◆ **COLLECTED DATA**:
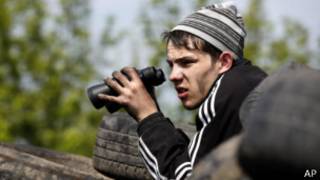 Militante prorruso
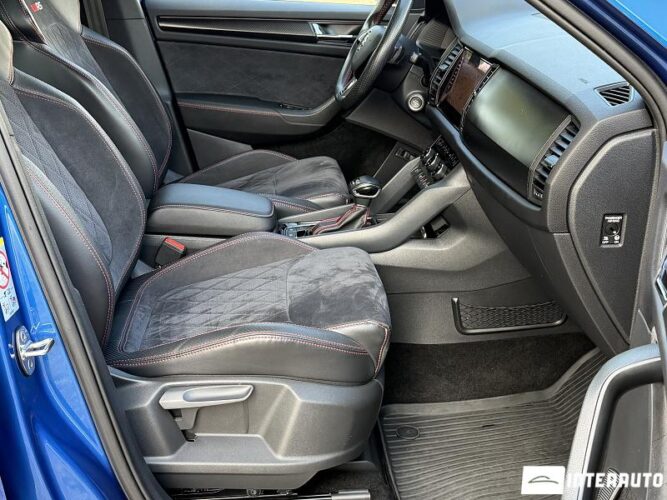 Skoda Kodiaq RS 42 interauto-car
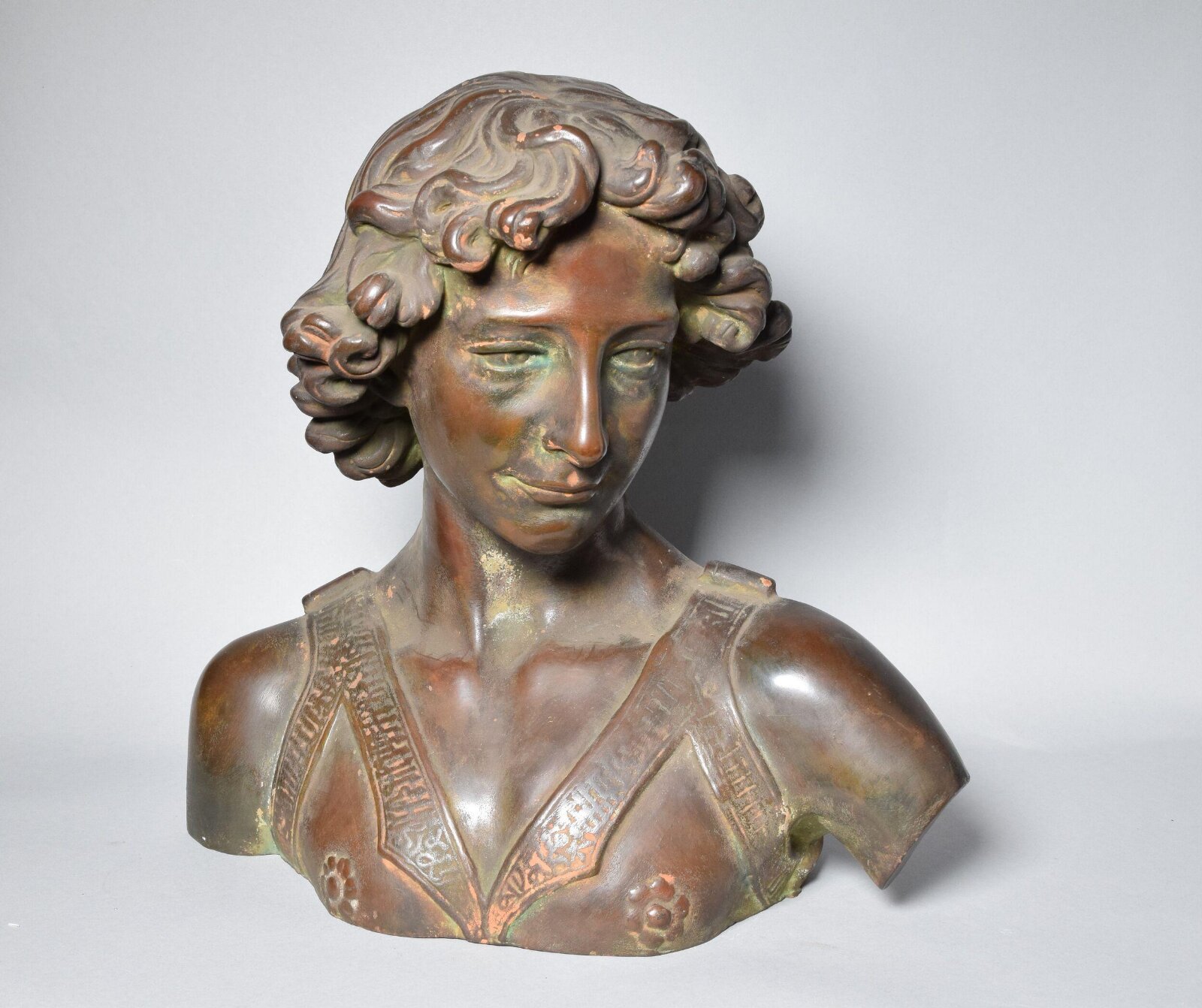 Bust, Manifattura di Signa, 1900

◆ **WHAT NEEDS TO BE DONE**: The task requires that every line above be transcribed exactly, without the images.

◆ **SOLUTION TO THIS PROBLEM**:
 Militante prorruso
 Skoda Kodiaq RS 42 interauto-car
 Bust, Manifattura di Signa, 1900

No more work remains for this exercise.